Problem to solve: Reproduce precisely the lines of the material below from the line containing "A wooden box" up to and including its last line. Pictures must not be copied.

Data for review:
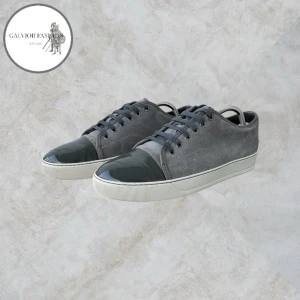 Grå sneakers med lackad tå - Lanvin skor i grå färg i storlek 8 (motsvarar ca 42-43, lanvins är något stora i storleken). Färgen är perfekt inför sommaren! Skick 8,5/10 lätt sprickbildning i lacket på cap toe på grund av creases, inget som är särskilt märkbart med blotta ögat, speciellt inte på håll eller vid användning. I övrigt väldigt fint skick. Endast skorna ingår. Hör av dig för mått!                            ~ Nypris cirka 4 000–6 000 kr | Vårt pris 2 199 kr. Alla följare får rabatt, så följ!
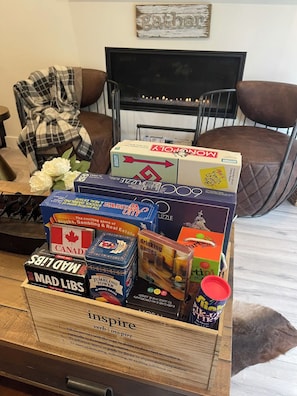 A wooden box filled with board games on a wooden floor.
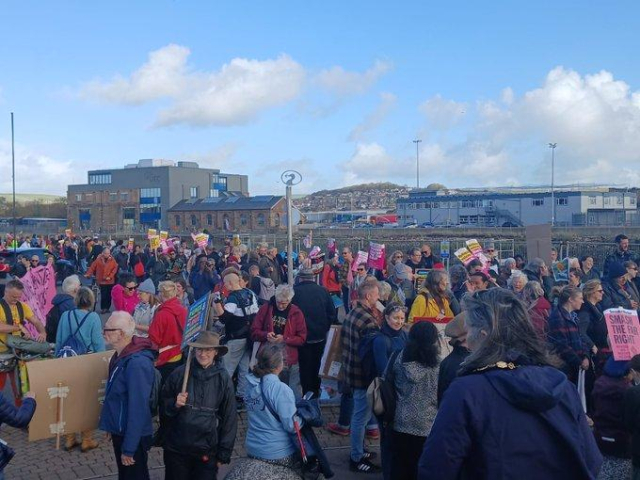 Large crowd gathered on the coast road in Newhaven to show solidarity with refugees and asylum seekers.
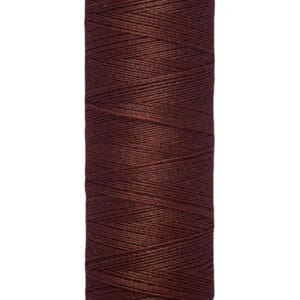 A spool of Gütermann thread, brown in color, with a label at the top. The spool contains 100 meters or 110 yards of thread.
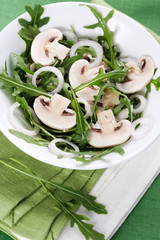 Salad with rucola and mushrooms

Written answer:
 A wooden box filled with board games on a wooden floor.
 Large crowd gathered on the coast road in Newhaven to show solidarity with refugees and asylum seekers.
 A spool of Gütermann thread, brown in color, with a label at the top. The spool contains 100 meters or 110 yards of thread.
 Salad with rucola and mushrooms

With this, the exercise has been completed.